Comment by flohofwoe

1 month ago

First: very nice project, kudos! But:

> It’s way more efficient, I ran a benchmark rendering 10k rectangles on a canvas and the difference was huge: Emscripten hit around 40 FPS, while my setup hit 100 FPS.

This sounds a bit suspicious tbh.

For instance in this Emscripten WebGL2 sample I can move the instance slider to about 25000 before the frame rate drops below 120 fps on my 2021 M1 MBP in Chrome:

https://floooh.github.io/sokol-html5/drawcallperf-sapp.html

Each 'instance draw' is doing one glUniform4iv and one glDrawElements call via Emscripten's regular WebGL2 shim, e.g. 50k calls across the WASM/JS boundary per 120Hz frame, and I'm pretty sure the vast bulk of the execution time is inside the WebGL2 implementation and the actual call overhead from WASM to JS is negligible (also see: https://hacks.mozilla.org/2018/10/calls-between-javascript-a... - e.g. wasm-to-js call overhead is in the nanoseconds area since around 2018).

Still, very cool idea to have this command batching, but I doubt that the performance improvement can be explained with the WASM-JS call overhead alone, there must be something else going on (maybe it's as simple as the command buffer approach being more cache-friendly, or the tight decoding loop on the JS side allowing more JIT optimizations by the JS engine - but the differences you saw are still baffling, because IME 10k fairly simple operations in 25 or 10 milliseconds (e.g. 40 or 100fps) are not enough too see much of a difference by CPU caches or inefficient JIT code generation, and by far most of the time should be spent inside the WebGL2 implementation, and that should be the same no matter if a traditional shim or the command buffer approach is used).

Thanks for the feedback! You're absolutely right to question this.

Just to clarify, my benchmark was using Canvas2D, not WebGL, that's why the numbers are much lower than your WebGL2 example. Based on your comment I actually removed the command batching to test the difference, and yeah, the batching optimization is smaller than I initially thought. WebCC with batched commands hits ~100 FPS, without batching it's ~86 FPS, and Emscripten is ~40 FPS. So the batching itself only contributes about ~14 FPS.

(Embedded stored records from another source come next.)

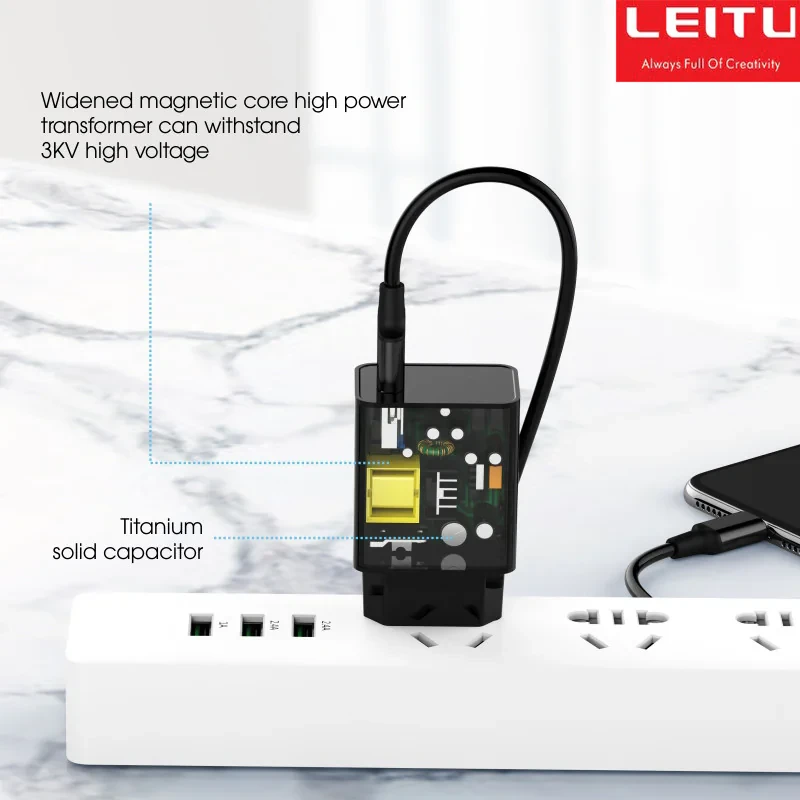 شارژر دیواری لیتو مدل LH-12 به همراه کابل تبدیل microUSB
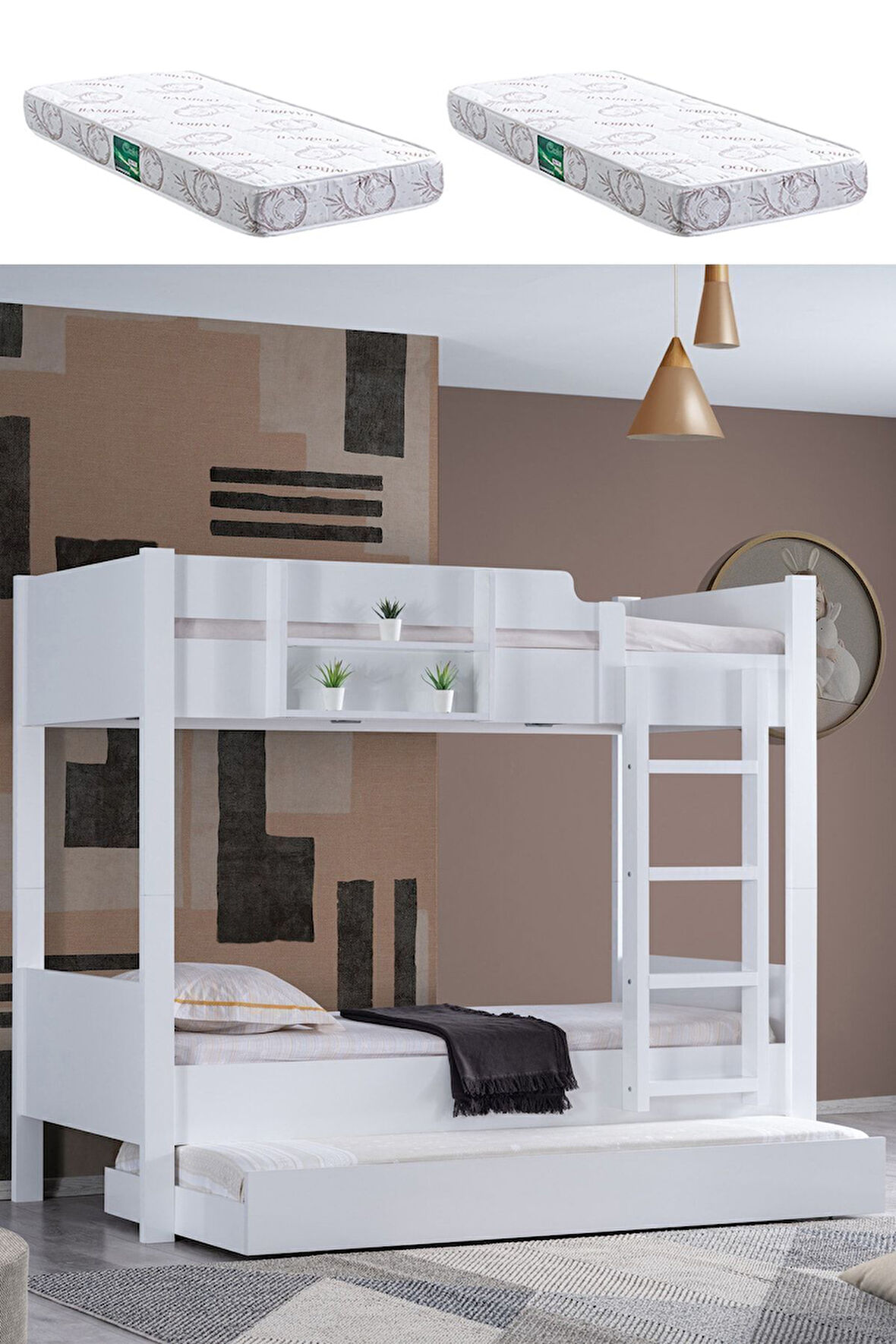 Ranza, Asya Ayrılabilir Yavrulu Ranza, Antrasit - Sarı + 2 Adet Comfort Yatak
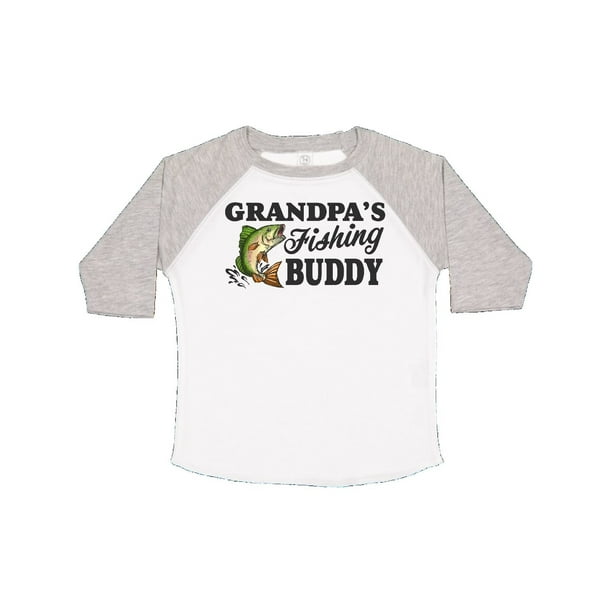 kid's t-shirt grandson fish line hook rod 5908 Grandad's little fishing buddy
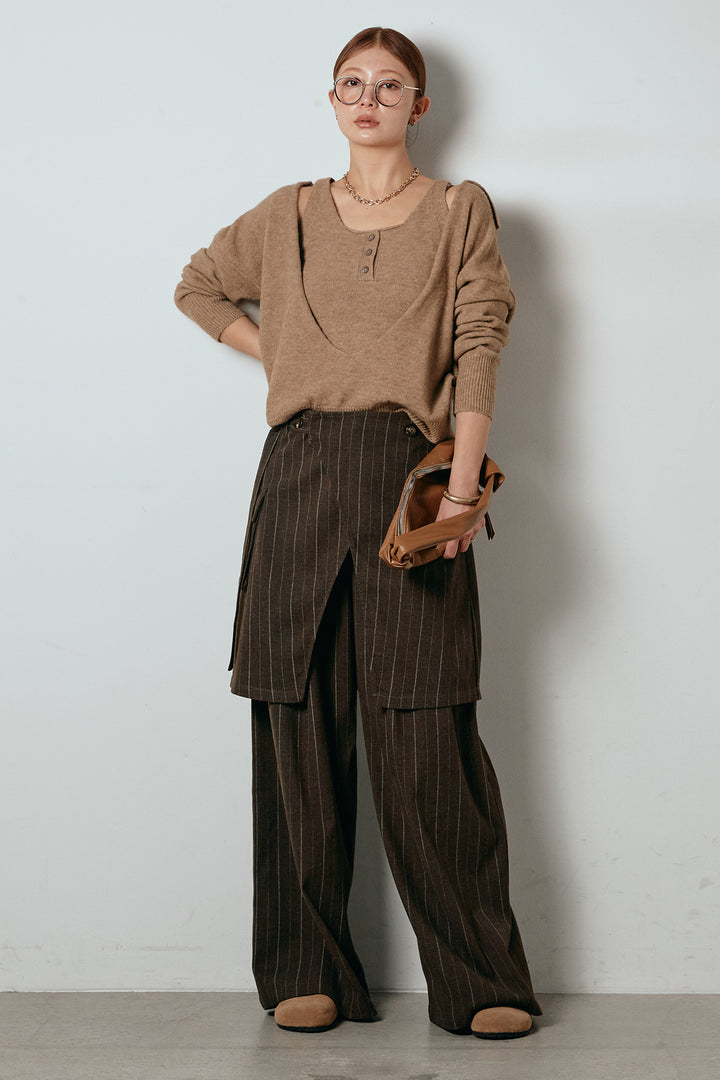 [SET]襟付きレイヤードニットトップス+細ストライプレイヤードデザインパンツ(2set)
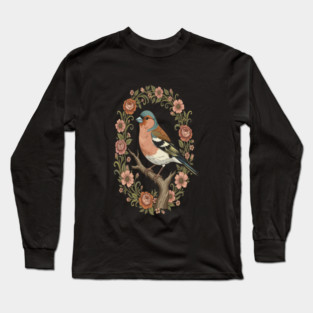 Common Chaffinch in Vintage Cottagecore Style Long Sleeve T-Shirt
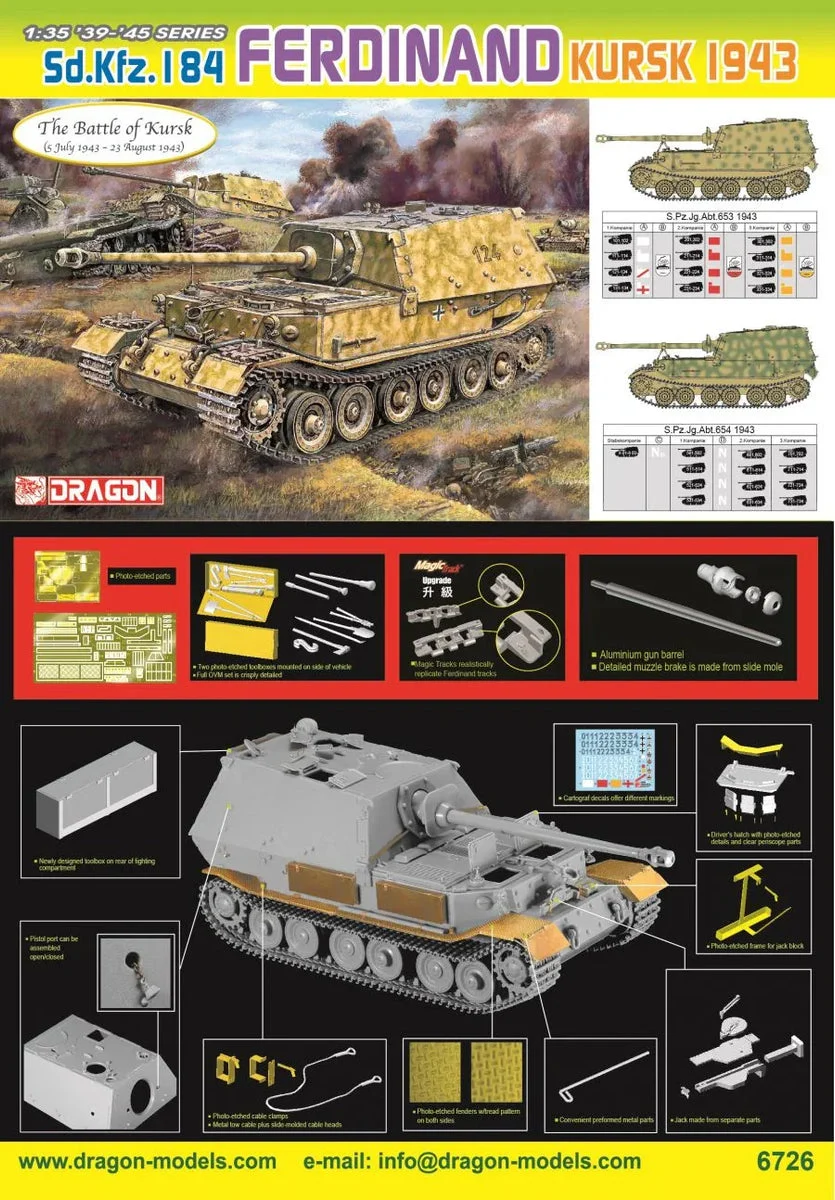 1/35 Dragon Models Sd.Kfz.184 Ferdinand (The Battle of Kursk) - 6726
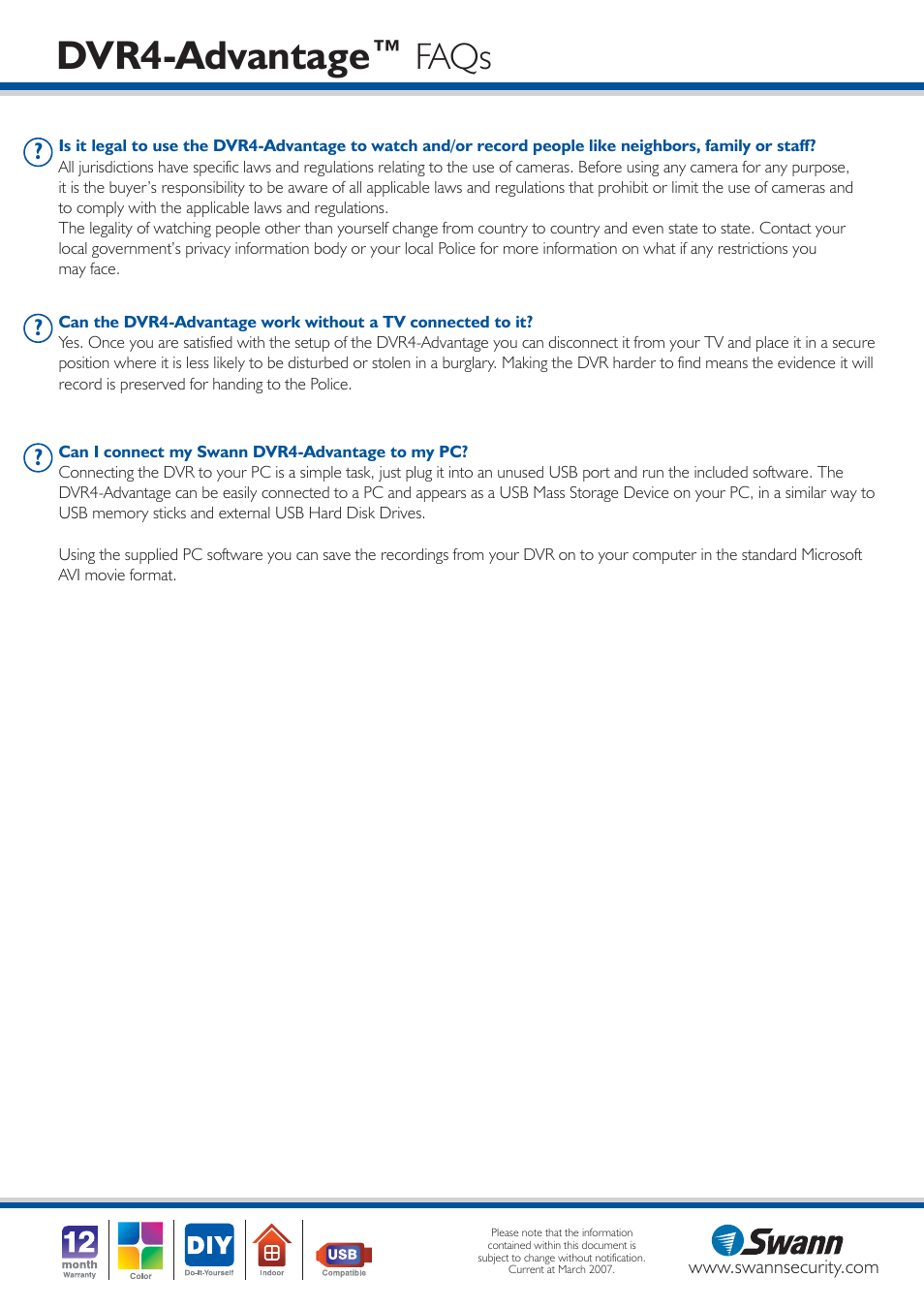 Dvr4-advantage, Faqs | Swann SW242-ADV User Manual | Page 4 / 4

The bigger performance difference compared to Emscripten seems to come from how Canvas2D operations are handled. Emscripten uses their val class for JS interop which wraps each canvas call in their abstraction layer. WebCC writes raw commands (opcode + arguments) directly into a buffer that the JS side decodes with a tight switch statement. The JS decoder already has direct references to canvas objects and can call methods immediately without property lookups or wrapper overhead. With 10k draw calls per frame, these small per-call differences (property access, type boxing/unboxing, generic dispatch) compound significantly.

  • > Emscripten uses their val class for JS interop which wraps each canvas call in their abstraction layer.

    This is an C++ embind thing right? At least the WebGL2 shim doesn't use that (and IMHO embind should never be used when performance matters), but that might actually explain a lot of the difference.